Coming at last to the age of man and existing species, we still find the work of creation has not ceased. Every new manufacture brings forth some new form of plant or animal, so that creative force can no more cease from operation than any other form of force. If God is the Creator he must create; there can be no was or has been with deity; deity must of necessity be always the universal Now, the great I am. Infinite love must always be loving, for love without loving is no longer love. Infinite power must always be potential, for to remit the potentiality of power is to lose the power. Power and force are not latent faculties, but active only. In man it is otherwise, because man, as man, has a beginning and therefore an end, and the works of such a creature must have the same limits; but power, as power, cannot possibly begin and end; if it has a beginning that beginning must be the result of previous power, which is absurd; and if it has an end it is no longer power, which is a contradiction.

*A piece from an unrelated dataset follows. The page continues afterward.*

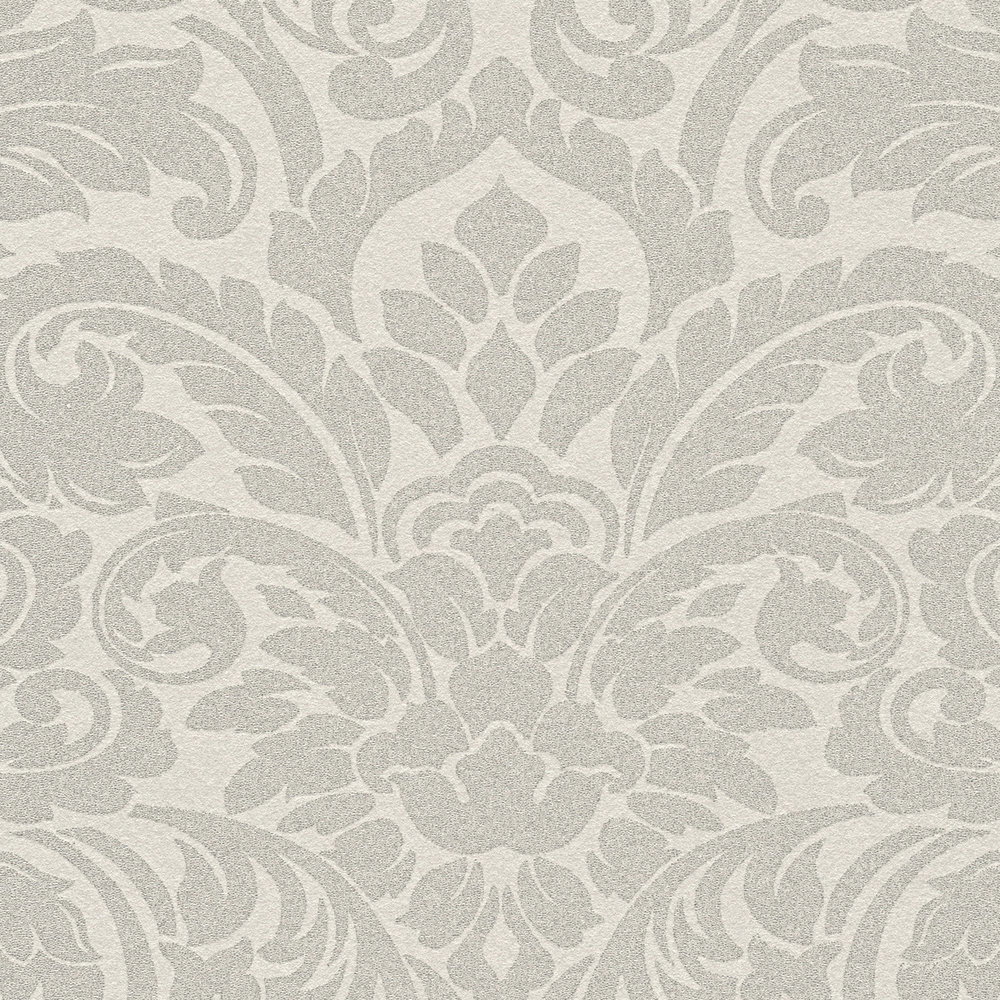             Luxus-Vliestapete in edlem Barockdesign mit schimmernden Glasperlen – Silber, Creme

Man is the creature of a day, and when the day is over it can be said of man he was, and of the works of man they once were. As with man there is a past, so must there be a future. To every was there must belong a shall be. Man, therefore, can be an inventor, a doer, a maker, and cease inventing, doing, making, as he can cease living, or exhaust the limit of his faculties; but God cannot be a creator one day and not another, a doer yesterday and not to-morrow, an agent at one time and not another, or his works would have a past, and if a past a future also; and whatever has a past and future must belong to time; nay more, whatever has a past and future must of necessity be finite, limited, and imperfect. If God is infinite, the great “I Am,” the “same yesterday, today, and for ever,” it can never be said of His operations they once were, but are now ended; He was once a Creator, but is so no longer; His power to create was once active in its potentiality, but has ever since been in abeyance. Every faculty of the infinite, every act and attribute must itself be infinite, with no remission, and no shadow of turning. To say that God ended His work of creation on the sixth day and ceased from His labour, is to predicate change in the unchangeable, limitation in the infinite, rest in activity, repose in motion. It is to humanise deity, mortalise immortality, temporise eternity, limit infinity, and make a past to the everlasting “Now.” It is to make God a man, differing only in degree; eternity time, differing only in extension; the ever present a mere now between a “was” and a “will be.” Facts, therefore, as well as reflection must show the untruth of the dogma that for six days God was a creator, and then ended His work, and ceased from His labour.
(2.) The Fall.
As a supplement to the cosmogony, comes the legend of the Fall. Of course, the object of this tale is to account for the fancied imperfection of the works of God. The gist of the matter is this: Adam and Eve were commanded to abstain from a certain tree growing in Eden. This abstinence was to be the test of their obedience. The devil tempted Eve to eat of the forbidden fruit, and Eve induced Adam to do the same. In consequence of this disobedience, God cursed the serpent whose form Satan had assumed;—he cursed the ground, causing it to bring forth thorns and thistles; cursed Eve in her instincts of love and maternal functions, and Adam in assigning him the toil of working for his daily bread. Over all came the sentence of death: “By one man sin entered into the world, and death by sin” (Rom. v., 12).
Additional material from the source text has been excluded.